I recognise that by refusing to make a spend time with child arrangement order I am not able to make an order giving Mr D parental responsibility for the time that he will spend with AZ (section 12 Children Act 1989). Mr D does not need parental responsibility for AZ. Mr D may feel that is a harsh determination having regard to his commitment to AZ, but Mr and Mrs B will have a special guardianship order and can therefore, in any event, exercise their parental responsibility to the exclusion of any other person with parental responsibility. I recognise AZ will be spending time with Mr D but he does not require PR for that purpose and I have no hesitation in determining that Mr and Mrs B are the kind of people who will take their responsibility serious and will be in a position to address any urgent issues that may, or may not arise during such time. There is arguably a benefit to AZ from a life story perspective but again, it is not necessary. I heard how much Mr and Mrs B regard Mr D and I am satisfied they will promote the relationship.

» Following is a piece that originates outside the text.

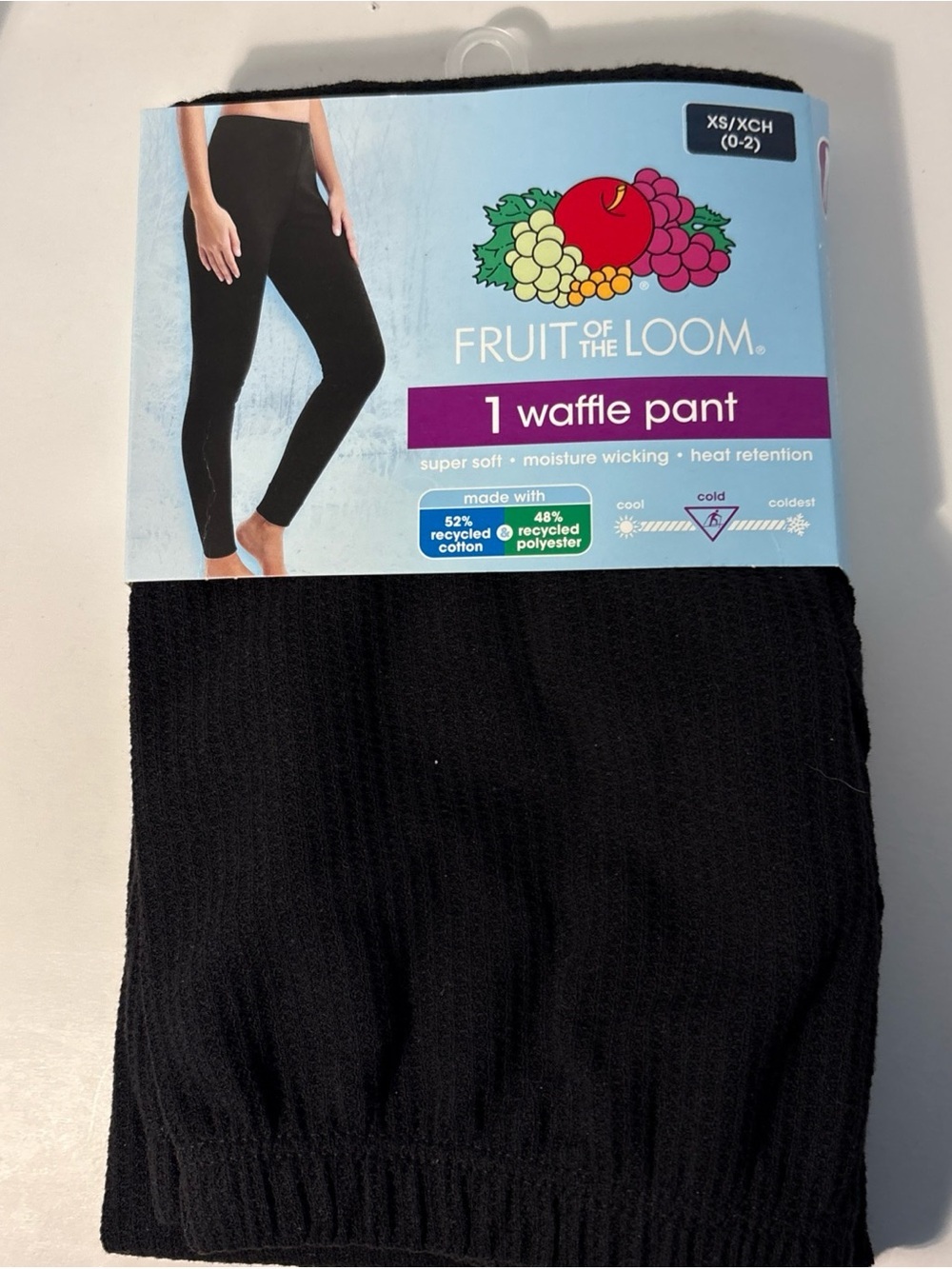 Fruit of the Loom 2 Black Waffle Crew Long Sleeve Tops & 1 bottom xs - Picture 5 of 8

In any event the ability to grant parental responsibility is limited to the time that AZ would spending with Mr D and I have already determined that a child arrangement order is not in the best interests of AZ.
Orders
I make a Special Guardianship Order in favour of Mr and Mrs B knowing such an order has the effect of discharging the care order.
I dismiss the applications made by Mr D.
I now invite the local authority, in consultation with the Guardian, Mr D and Mother, to agree, without delay, a transition of AZ to the care of Mr and Mrs B. I am hopeful the parties can agree the transition of care because I know how much they all love AZ. If agreement cannot be reached, I will list a short hearing in short order.